One G2 member (Rifleman) , several years ago, did it in 12 weeks on the Peg/Riba combo. I don't recall how quickly he got to undetected. But, along the hepatitis highway are the mileposts of those 2's who relapsed after 24 too.
The decision that you are considering is expressed well in Dirty Harry:
I know what you’re thinking: “Did he fire six shots, or only five?” Well, to tell you the truth, in all this excitement, I’ve kinda lost track myself. But being this is a .44 Magnum, the most powerful handgun in the world, and would blow your head clean off, you’ve got to ask yourself one question: “Do I feel lucky?” Well do ya, punk?

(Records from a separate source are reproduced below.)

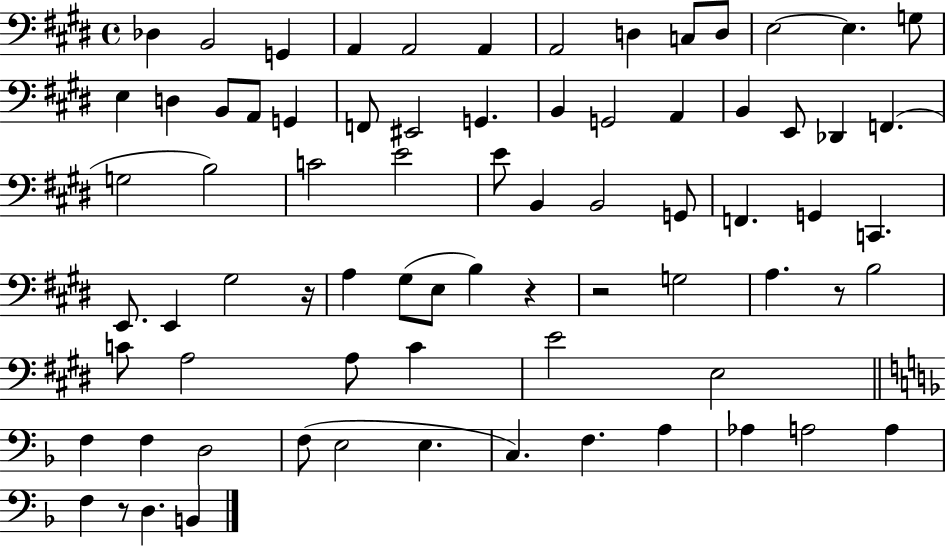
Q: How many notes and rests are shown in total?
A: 75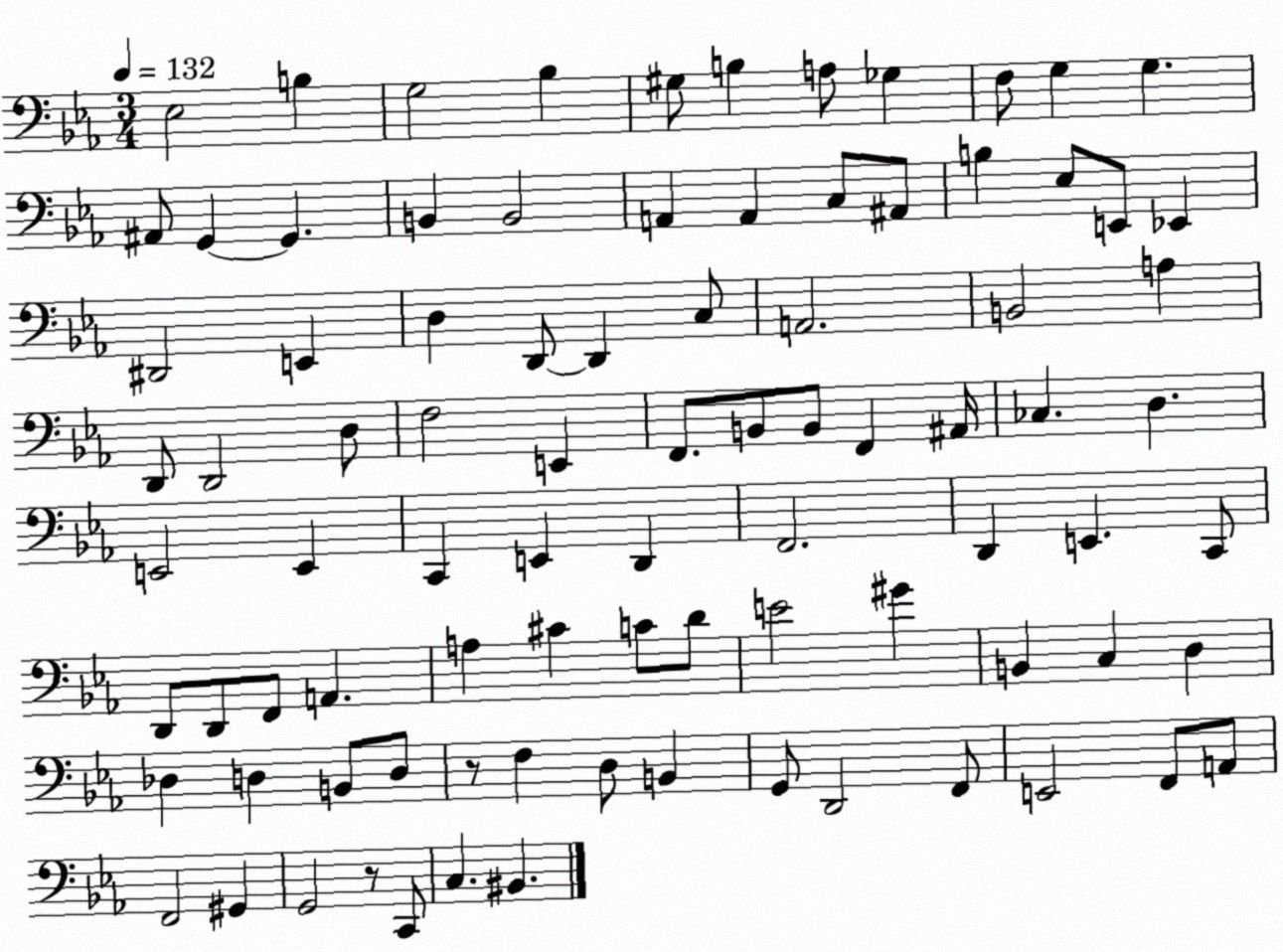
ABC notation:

X:1
T:Untitled
M:3/4
L:1/4
K:Eb
_E,2 B, G,2 _B, ^G,/2 B, A,/2 _G, F,/2 G, G, ^A,,/2 G,, G,, B,, B,,2 A,, A,, C,/2 ^A,,/2 B, _E,/2 E,,/2 _E,, ^D,,2 E,, D, D,,/2 D,, C,/2 A,,2 B,,2 A, D,,/2 D,,2 D,/2 F,2 E,, F,,/2 B,,/2 B,,/2 F,, ^A,,/4 _C, D, E,,2 E,, C,, E,, D,, F,,2 D,, E,, C,,/2 D,,/2 D,,/2 F,,/2 A,, A, ^C C/2 D/2 E2 ^G B,, C, D, _D, D, B,,/2 D,/2 z/2 F, D,/2 B,, G,,/2 D,,2 F,,/2 E,,2 F,,/2 A,,/2 F,,2 ^G,, G,,2 z/2 C,,/2 C, ^B,,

If you quit early and dont SVR you're gonna be mighty pissed you didn't finish the few extra weeks. It's just not worth the risk of having to come back and do treatment again for 48 weeks the next time.
how tough are your side effects.
Yippee!!!! UNDER at wk-16 "BMS-790052 treatment geno1a" Was close at wk12 but not under. Because of the great encouragement I received from others in study I decided to stay on till wk-16. At wk16 blood draw I received discouraging news from providers telling me pretty much prepare for the worse. I was starting to believe those last virons were too tough to beat. I had actually quit meds for a day before hearing of a friend who stayed the course a little longer and got the same great news as I. I'm ever gratefull to this gentleman for his positive encouragement, and all the others who stayed just a little longer and shared there good fortune. Good news could be right around the corner. It was for me and I thank God for hanging in just a little longer......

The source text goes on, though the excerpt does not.